I need to load ivrit.ai/whisper-large-v3 model on my machine using Whisper library. This model has the following files:
As you can see it uses .safetensors format which needs to be loaded using transformers library. I converted the model (both .safetensors files) and combined them using the script:
for filename in tqdm(glob(f"{base_path}/*.safetensors")):
ckpt = load_file(filename)
torch.save(ckpt, filename.replace(".safetensors", ".bin"))
And,
part1 = torch.load("model-00001-of-00002.bin")

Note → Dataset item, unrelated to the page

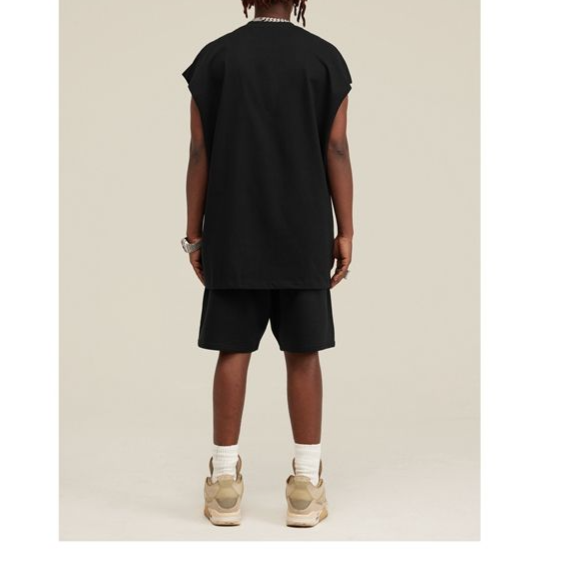 Canotta hip-hop stile americano da uomo, ampia, 230 g, con spalle larghe, scollo rotondo, senza maniche_voghion.com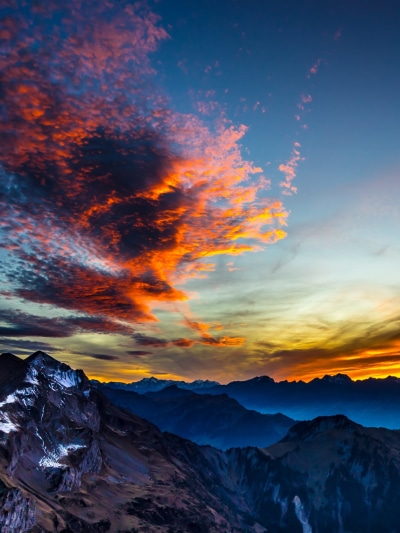 Earth Sunset, Cloud, Sky, Mountain, 1536x2048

part2 = torch.load("model-00002-of-00002.bin")
combined = {**part1, **part2} # Be cautious if keys overlap
torch.save(combined, "ivrit-ai-whisper-large-v3.pt")
I also set model dimensions using:
dims = ModelDimensions(
n_vocab=51865,
n_audio_ctx=1500,
n_audio_state=1280, # Use 1280 to match d_model embedding size
n_audio_head=8,
n_audio_layer=32,
n_text_ctx=192,
n_text_state=1280,
n_text_head=20,
n_text_layer=24,
n_mels=80
)
model = Whisper(dims)
checkpoint = {
"dims": vars(dims), # Convert ModelDimensions to dict
"model_state_dict": model.state_dict(),
"decoder_state": None,
"version": 2,
"init_args": {
"device": "cpu",
"n_vocab": dims.n_vocab,
"n_audio_ctx": dims.n_audio_ctx,
"n_audio_state": dims.n_audio_state,
"n_audio_head": dims.n_audio_head,
"n_audio_layer": dims.n_audio_layer,
"n_text_ctx": dims.n_text_ctx,
"n_text_state": dims.n_text_state,
"n_text_head": dims.n_text_head,
"n_text_layer": dims.n_text_layer,
"n_mels": dims.n_mels
}
}
torch.save(checkpoint, "ivrit-ai-whisper-large-v3.pt")
And using
model = whisper.load_model("ivrit-ai-whisper-large-v3.pt")
does work, but does NOT produce Hebrew words probably because I didn’t integrate the vocabulary and other files of the original HuggingFace repo.
How can I integrate whatever is needed to make the model work exactly as if I was loading it using transformers?